The primary limiting factor for running LLaVA 1.6 34B on an AMD RX 7900 XT is the video memory (VRAM). LLaVA 1.6 34B, with 34 billion parameters, requires approximately 68GB of VRAM when using FP16 (half-precision floating point) data types for model weights and activations. The RX 7900 XT is equipped with 20GB of GDDR6 VRAM. This creates a significant shortfall of 48GB, meaning the entire model cannot be loaded onto the GPU simultaneously for inference. While the RX 7900 XT's 0.8 TB/s memory bandwidth is substantial, it doesn't compensate for the lack of sufficient VRAM to hold the model. This VRAM bottleneck will prevent the model from running without significant modifications.
Even if techniques like offloading layers to system RAM were employed, the performance would be severely impacted due to the much slower transfer speeds between the GPU and system memory compared to on-device VRAM. The RDNA 3 architecture of the RX 7900 XT, while capable, lacks Tensor Cores found in NVIDIA GPUs which are specifically designed for accelerating matrix multiplications common in deep learning. This absence further reduces the efficiency of running large language models like LLaVA 1.6, in addition to the VRAM constraint. Therefore, without substantial optimization, the model cannot be run effectively on this GPU.

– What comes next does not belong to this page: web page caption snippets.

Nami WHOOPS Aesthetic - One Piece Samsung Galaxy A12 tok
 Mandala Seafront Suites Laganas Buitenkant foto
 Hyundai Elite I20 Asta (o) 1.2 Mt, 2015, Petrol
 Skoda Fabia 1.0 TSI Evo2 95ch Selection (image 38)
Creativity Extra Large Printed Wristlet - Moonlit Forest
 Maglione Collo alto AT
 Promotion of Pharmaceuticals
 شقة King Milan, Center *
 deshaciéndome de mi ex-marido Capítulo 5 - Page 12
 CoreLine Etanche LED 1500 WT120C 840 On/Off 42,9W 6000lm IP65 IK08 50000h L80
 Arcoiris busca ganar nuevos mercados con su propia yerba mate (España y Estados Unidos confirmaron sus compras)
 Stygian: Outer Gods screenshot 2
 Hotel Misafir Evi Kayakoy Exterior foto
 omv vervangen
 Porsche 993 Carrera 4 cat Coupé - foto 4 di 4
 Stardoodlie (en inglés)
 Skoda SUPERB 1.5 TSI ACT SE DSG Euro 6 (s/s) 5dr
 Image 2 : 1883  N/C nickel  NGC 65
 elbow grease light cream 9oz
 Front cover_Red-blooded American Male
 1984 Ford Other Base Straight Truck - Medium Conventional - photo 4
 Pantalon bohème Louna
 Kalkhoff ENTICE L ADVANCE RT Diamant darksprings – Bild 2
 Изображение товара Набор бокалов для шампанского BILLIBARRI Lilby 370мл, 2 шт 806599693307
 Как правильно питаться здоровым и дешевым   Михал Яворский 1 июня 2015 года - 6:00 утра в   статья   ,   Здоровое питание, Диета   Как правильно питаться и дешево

Due to the substantial VRAM deficit, directly running LLaVA 1.6 34B on the AMD RX 7900 XT is not feasible without significant compromises. The most practical approach would be to explore aggressive quantization techniques. Quantization to INT4 or even INT2 could potentially reduce the VRAM footprint to a manageable size, although this will come at the cost of model accuracy and potentially slower inference speeds. Consider using inference frameworks that support extreme quantization levels, such as llama.cpp, and experiment with different quantization methods to find a balance between VRAM usage and performance.
Alternatively, consider using cloud-based services or platforms that offer access to GPUs with sufficient VRAM, like NVIDIA A100 or H100 instances. Another option is to explore smaller language models that fit within the RX 7900 XT's VRAM capacity. If running locally is essential, explore model parallelism across multiple GPUs if available, though this is a complex setup. Before attempting any deployment, benchmark smaller, compatible models to gain experience with the inference framework and hardware.